In the narrow sense that the Government’s intention was to try to codify the existing conventions of the current House, they have clearly failed. They have also failed in a wider sense, in view of the much remarked paragraph 61. As the Committee made clear that its conclusions applied only to the current House, any attempt by the Government to use its work to bind a reformed House has failed. The Government were piqued by that, and produced a four-page response. The Leader of the House dwelt on that extensively today, encouraged to do so by a number of interventions.
Paragraph 9 of the Government’s response contains the key sentence:
“We believe the relationship the Joint Committee describes is one which should apply to any differently composed chamber.”
That must be wrong. Over time, a differently composed Chamber will want to re-examine its own conventions, and may decide to change them. No amount of passing resolutions or codifying conventions can alter that. However, I feel that the Government should not protest too much. They did not really need to include paragraph 9, for two reasons.
First, it would be ludicrous to reconstitute the Cunningham Committee and have a “Cunningham 3” on the first day of a reformed House of Lords. Any sensible person would agree that a passage of time—which should perhaps be measured in Parliaments rather than years—should elapse before that becomes necessary. Secondly, in any case, if we have—as I sincerely hope we will—a more democratic second Chamber, the key powers and restrictions that it tests will be not the conventions but the Parliament Acts.
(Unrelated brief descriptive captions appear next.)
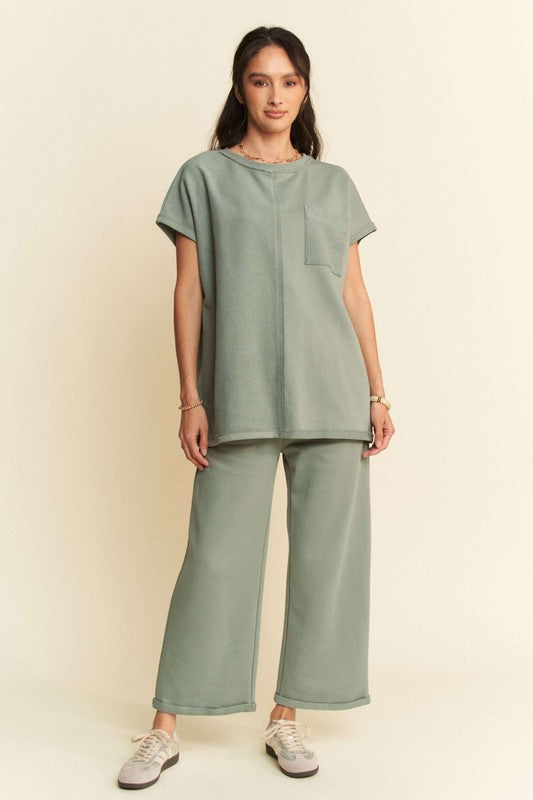 Davi & Dani Round Neck Short Sleeve Top and Pants Set - All Mine Now Clothing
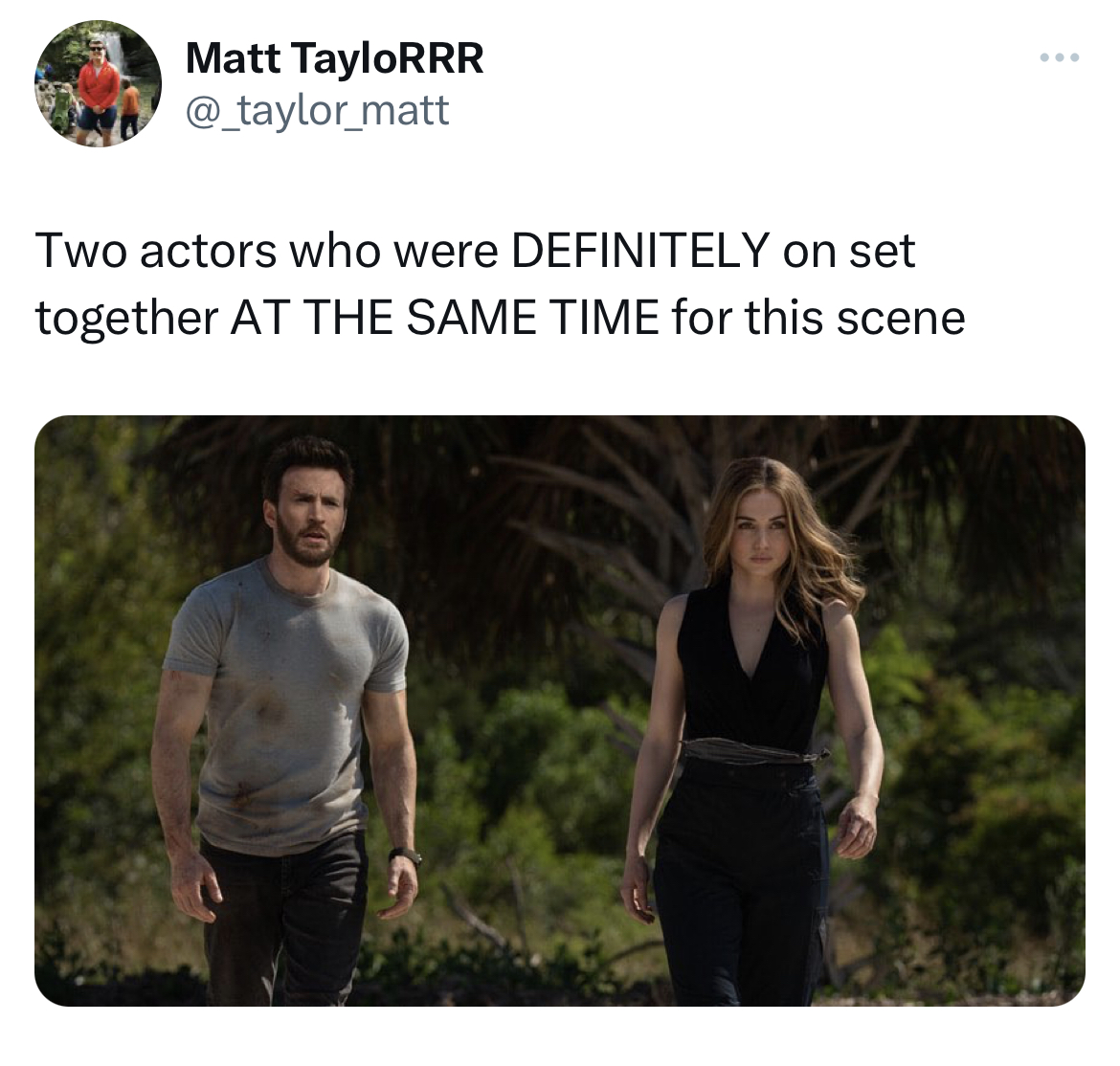 funny tweets - Ghosted - Matt TayloRRR Two actors who were Definitely on set together At The Same Time for this scene Ala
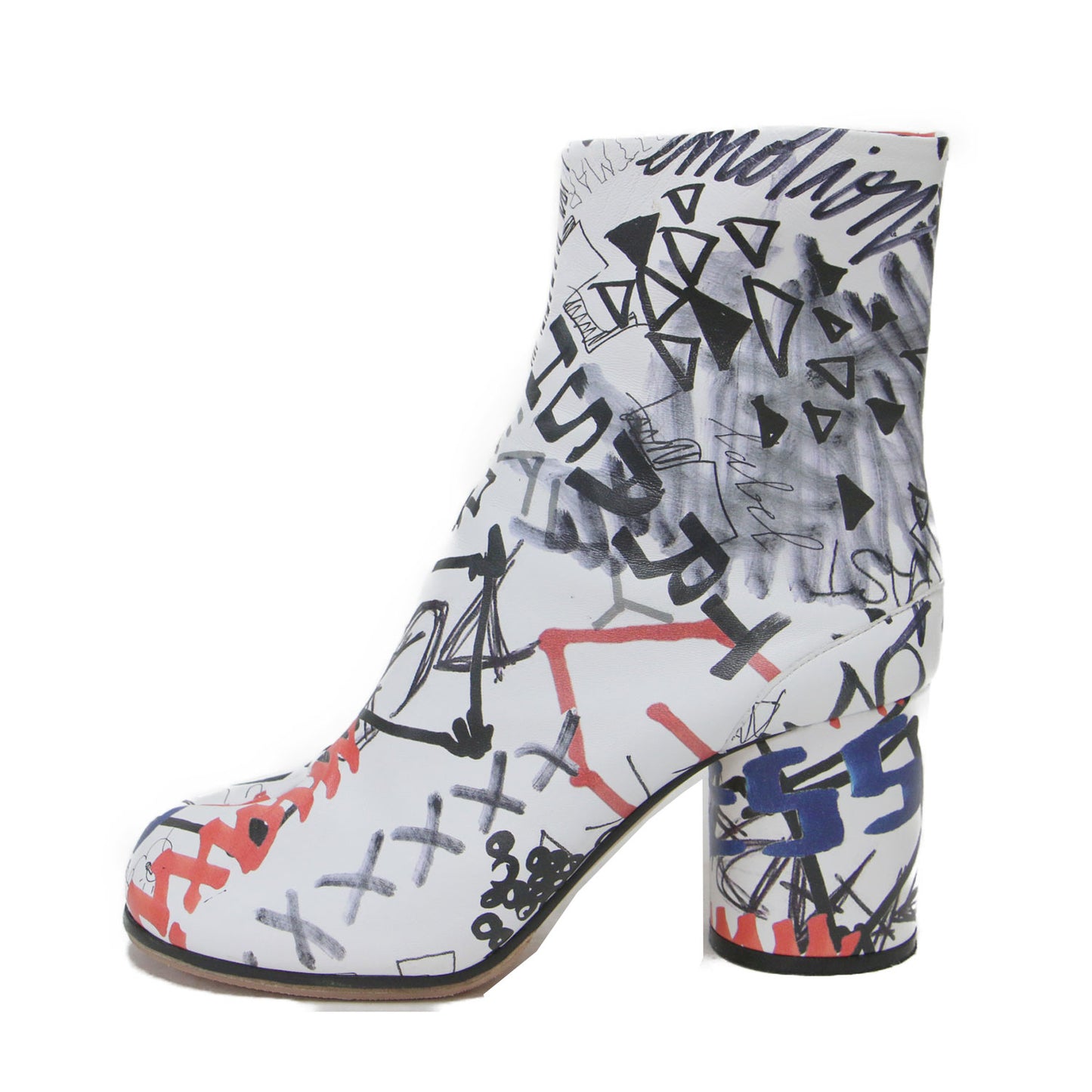 グラフティ タビ ブーツ / Graffiti Tabi boots ミドルブーツ シリンダーヒール プリント レザー
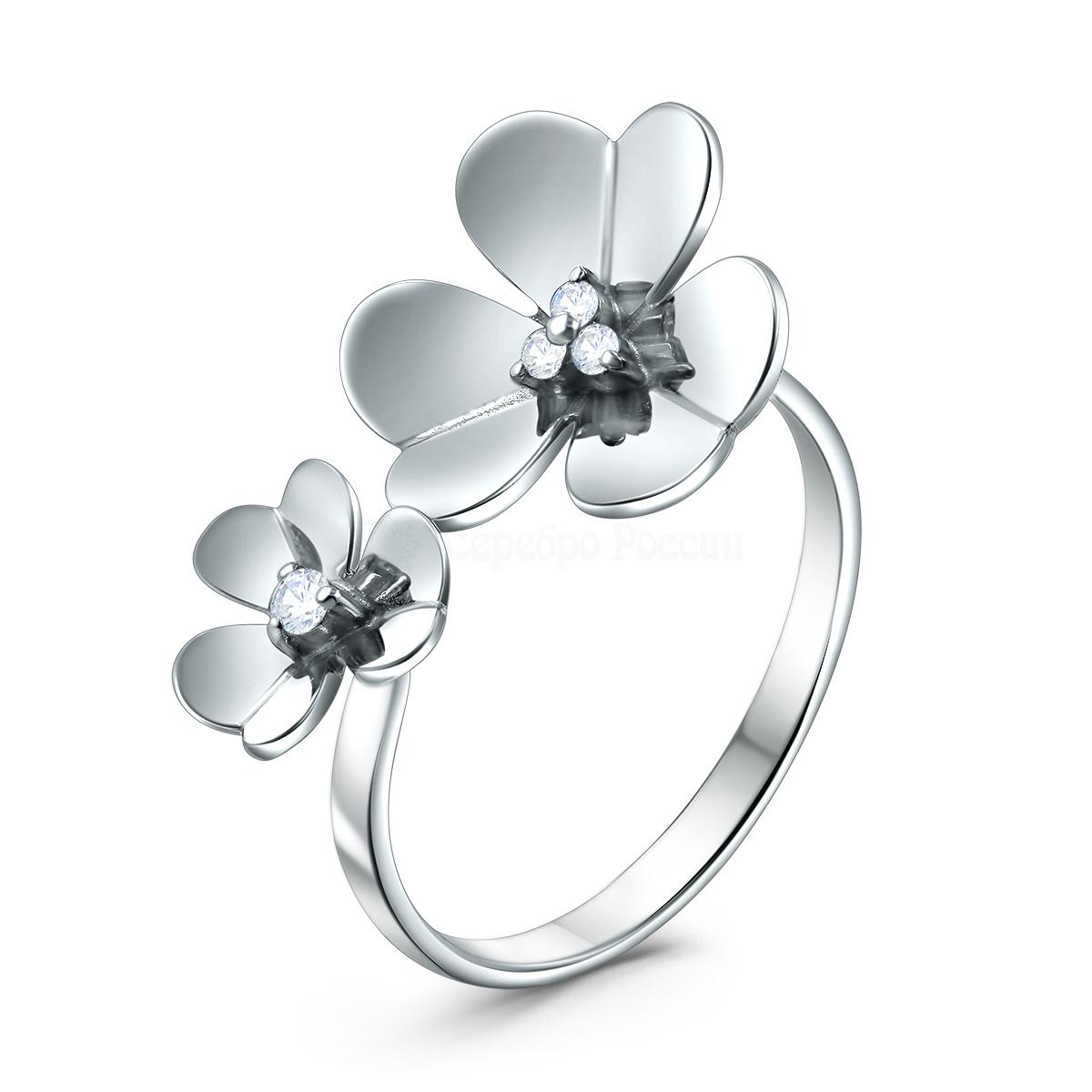 Кольцо разъёмное из серебра с фианитами родированное - Цветы К-042р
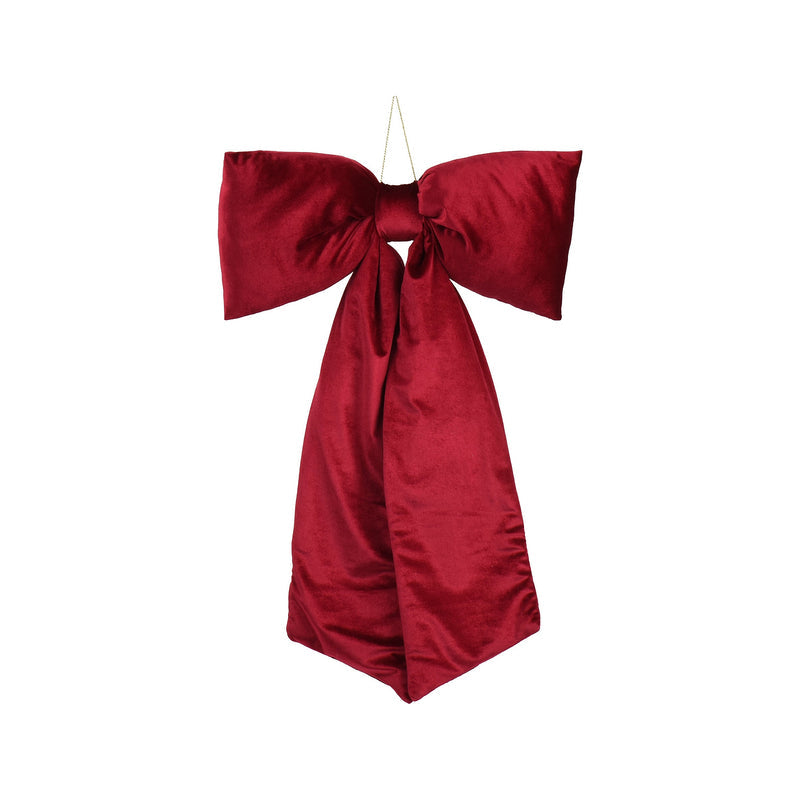 Grand nœud de Noël en velours – Bordeaux — produit sur fond blanc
A reformed House, unlike the current House, may have the courage to use some of the real powers that it already has, particularly its power of delay and its power to reject statutory instruments. It does not use those powers now, for the simple reason that it does not have the moral authority to use them. A reformed House will have enough legitimacy to exercise the powers provided for it under the Parliament Acts, while also being restricted by them. I think it right—here I strongly agree with the hon. Member for Cannock Chase—for the House of Lords to be given that moral authority.
I shall end by developing that point further, but first I want to make one more general point about the House of Lords as currently constituted, which I hope the other place will not consider offensive. I have enormous respect for Members of the House of Lords, a large proportion of whom are loyal and dedicated public servants, but it is an inescapable fact that whenever their Lordships debate themselves, Dr. Pangloss is out and about. He was certainly stalking the other Chamber yesterday. There was a great deal of talk about how effective the second Chamber already is, what a great job it does, and, by implication, how everything was already for the best in the best of all possible worlds. The truth is much more prosaic. We have the illusion of two-Chamber democracy, but we have the reality of something that is little more than unicameralism: a consultative assembly which, when push comes to shove, is usually too scared—even in its somewhat reformed form since 1999, or whenever it was—to take on the Executive and use the powers that it currently possesses.
I also happen to be in favour of a more directly elected House of Lords, but I take exception to my hon. Friend’s implied comparison with the House of Commons, whose whipping arrangements, craven submission to Government and failure to scrutinise huge chunks of vastly important Bills suggest that, while we are perfectly entitled to criticise the other House, we ought also to consider the beam in our own eye.